Note: Andrew McCallum will present a paper on this topic as part of the
conference; that material will not be repeated in the workshop.
---------------------------------------------------------------------------
Session 5: Structural Generalization: Scaling RL to Large State Spaces
Organizer: Sridhar Mahadevan, sridhar at watson.ibm.com

"Motivation and Introduction" by Sridhar Mahadevan, IBM
"Neural Nets" by Long-Ji Lin, Siemens
"CMAC" by Tom Miller, Univ. New Hampshire
"Kd-trees and CART" by Marcos Salganicoff, UPenn
"Learning Teleo-Reactive Trees" by Nils Nilsson, Stanford
"Function Approximation in RL: Issues and Approaches" by Richard Yee, UMass
"RL with Analog State and Action Vectors", Leemon Baird, WPAFB

RL is slow to converge in tasks with high-dimensional continuous state
spaces, particularly given sparse rewards. One fundamental issue in
scaling RL to such tasks is structural credit assignment, which deals
with inferring rewards in novel situations.  This problem can be
viewed as a supervised learning task, the goal being to learn a
function from instances of states, actions, and rewards. Of course,
the function cannot be stored exhaustively as a table, and the
challenge is devise more compact storage methods.  In this session we
will discuss some of the different approaches to the structural
generalization problem.

Note: Steve Whitehead & Rich Sutton will present a paper on this topic as
part of the confernece; that material will not be repeated in the workshop.
---------------------------------------------------------------------------
Session 6: Hierarchy and Abstraction 
Organizer: Leslie Kaelbling, lpk at cs.brown.edu
Speakers: To be determined

Too much of RL is concerned with low-level actions and low-level (single time
step) models. How can we model the world, and plan about actions, at a higher
level, or over longer time scales? How can we integrate models and actions at
different time scales and levels of abstraction?
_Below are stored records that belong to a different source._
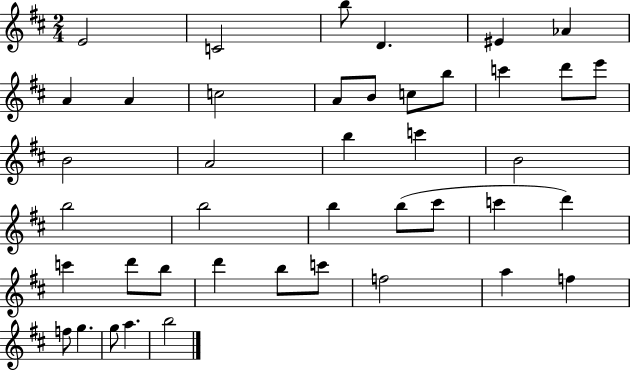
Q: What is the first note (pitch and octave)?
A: E4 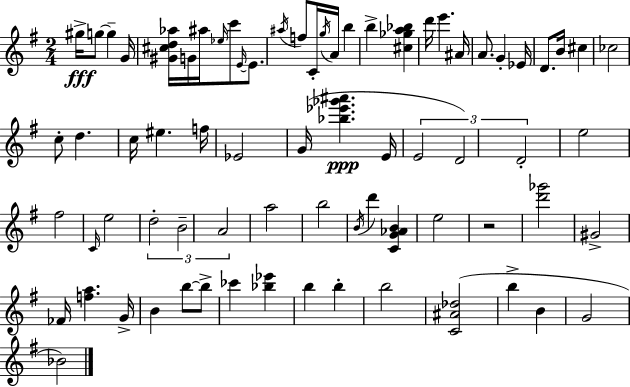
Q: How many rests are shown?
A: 1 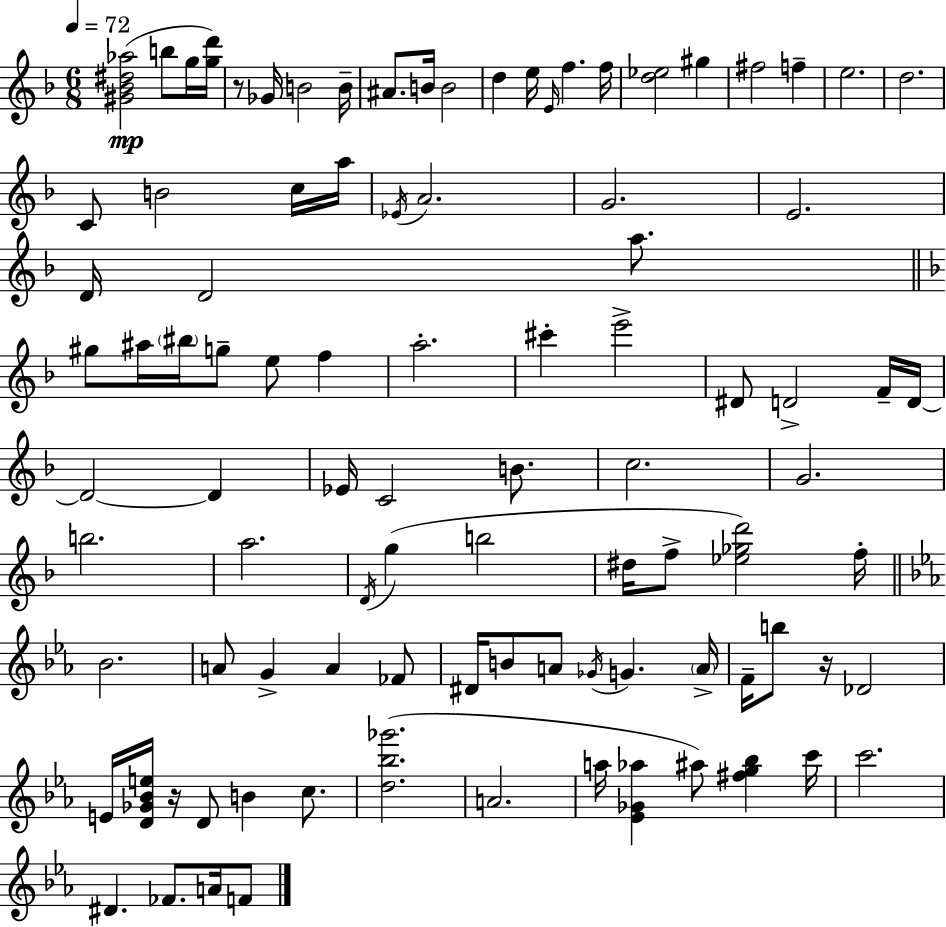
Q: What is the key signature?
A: D minor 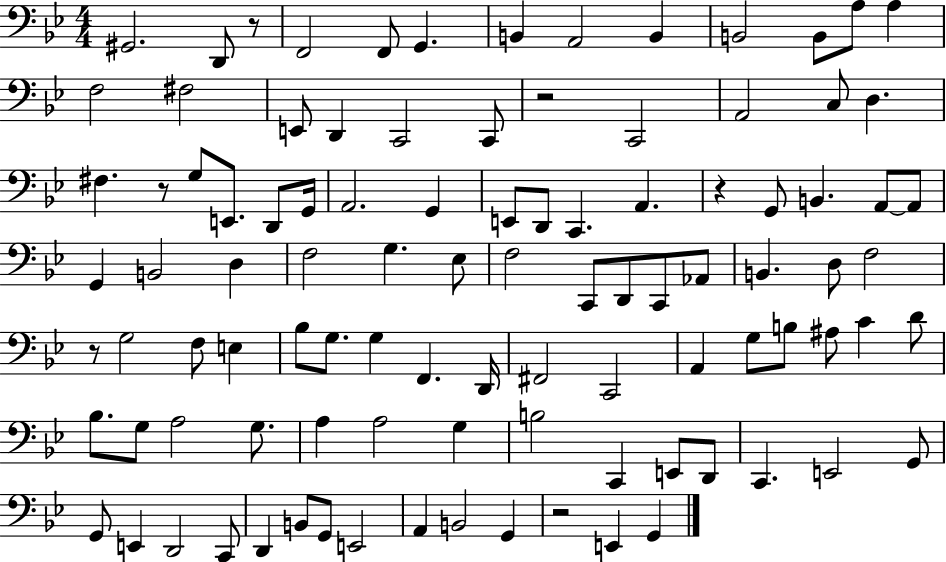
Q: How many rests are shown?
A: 6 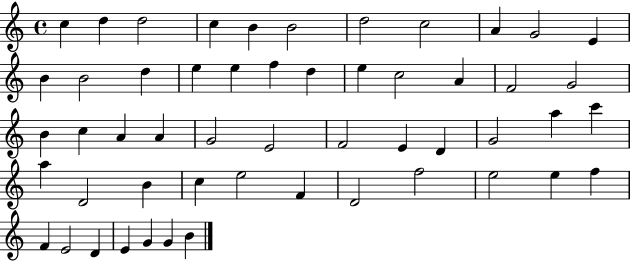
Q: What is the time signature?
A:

To address these questions,
several researchers have proposed models of hierarchical learning and
planning, e.g., Satinder Singh, Mark Ring, Chris Watkins, Long-ji Lin, Leslie
Kaelbling, and Peter Dayan & Geoff Hinton. The format for this session will
be a brief introduction to the problem by the session organizer followed by
short talks and discussion. Speakers have not yet been determined.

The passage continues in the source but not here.